**Information given:**

"""

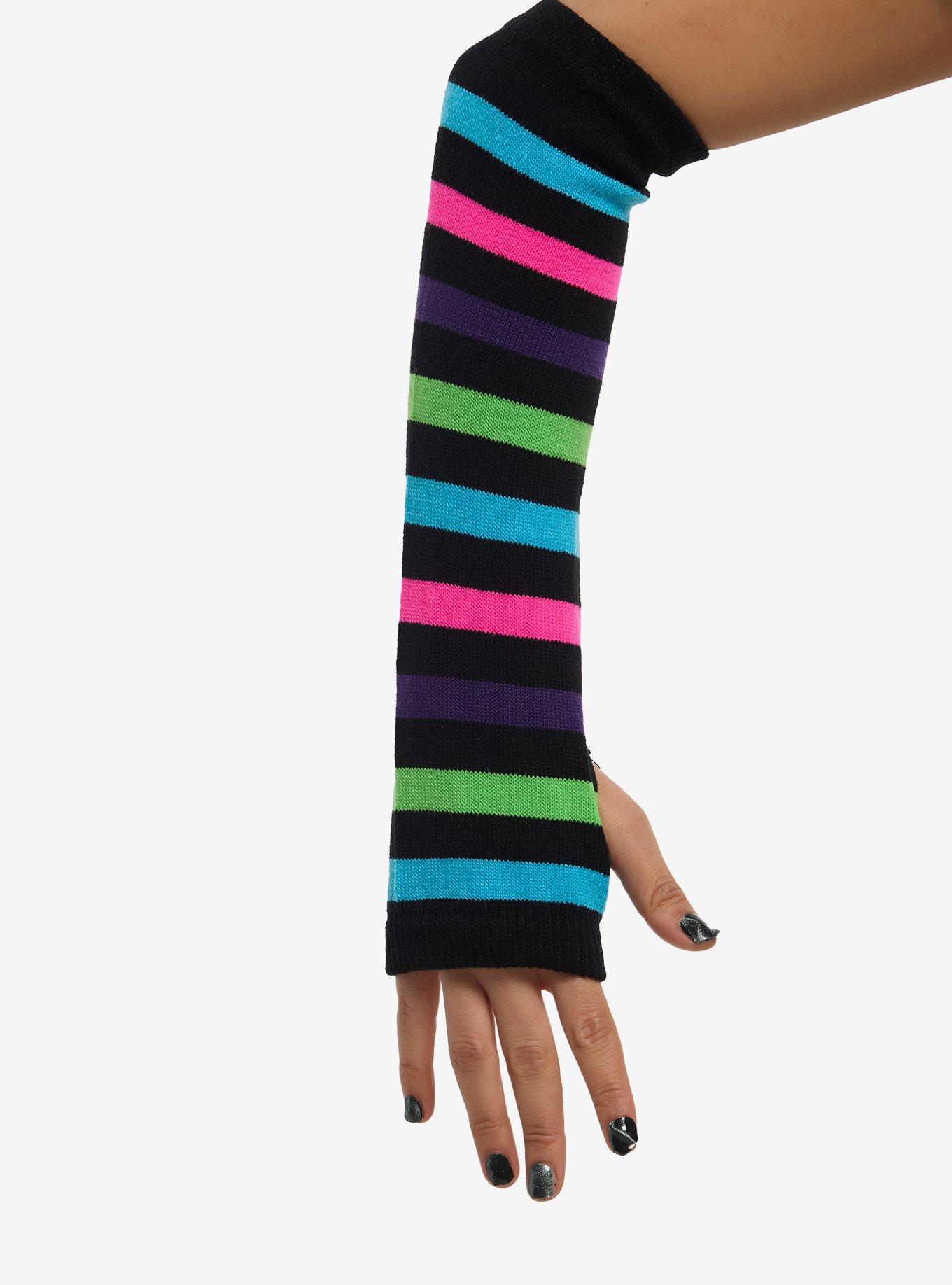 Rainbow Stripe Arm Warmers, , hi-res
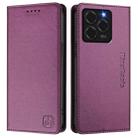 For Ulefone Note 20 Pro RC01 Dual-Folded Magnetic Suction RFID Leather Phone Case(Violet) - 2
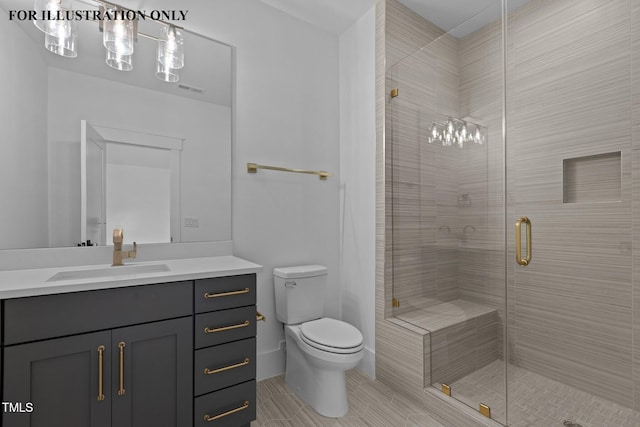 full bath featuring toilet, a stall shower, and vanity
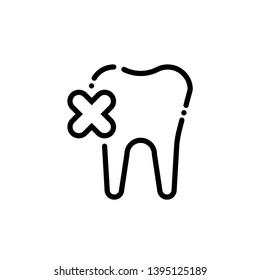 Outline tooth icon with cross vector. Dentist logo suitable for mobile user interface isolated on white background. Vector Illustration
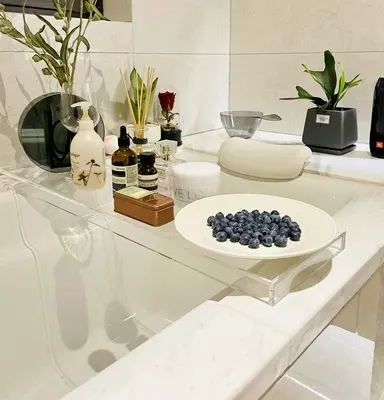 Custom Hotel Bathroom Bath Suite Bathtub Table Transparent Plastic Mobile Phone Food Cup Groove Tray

"""

**Directions for this task:**
Reproduce exactly the lines from the one with "For Ulefone Note" to the bottom of the listing, both ends included, and nothing else. Skip the pictures.

**Response below:**
 For Ulefone Note 20 Pro RC01 Dual-Folded Magnetic Suction RFID Leather Phone Case(Violet) - 2
 full bath featuring toilet, a stall shower, and vanity
 Outline tooth icon with cross vector. Dentist logo suitable for mobile user interface isolated on white background. Vector Illustration
 Custom Hotel Bathroom Bath Suite Bathtub Table Transparent Plastic Mobile Phone Food Cup Groove Tray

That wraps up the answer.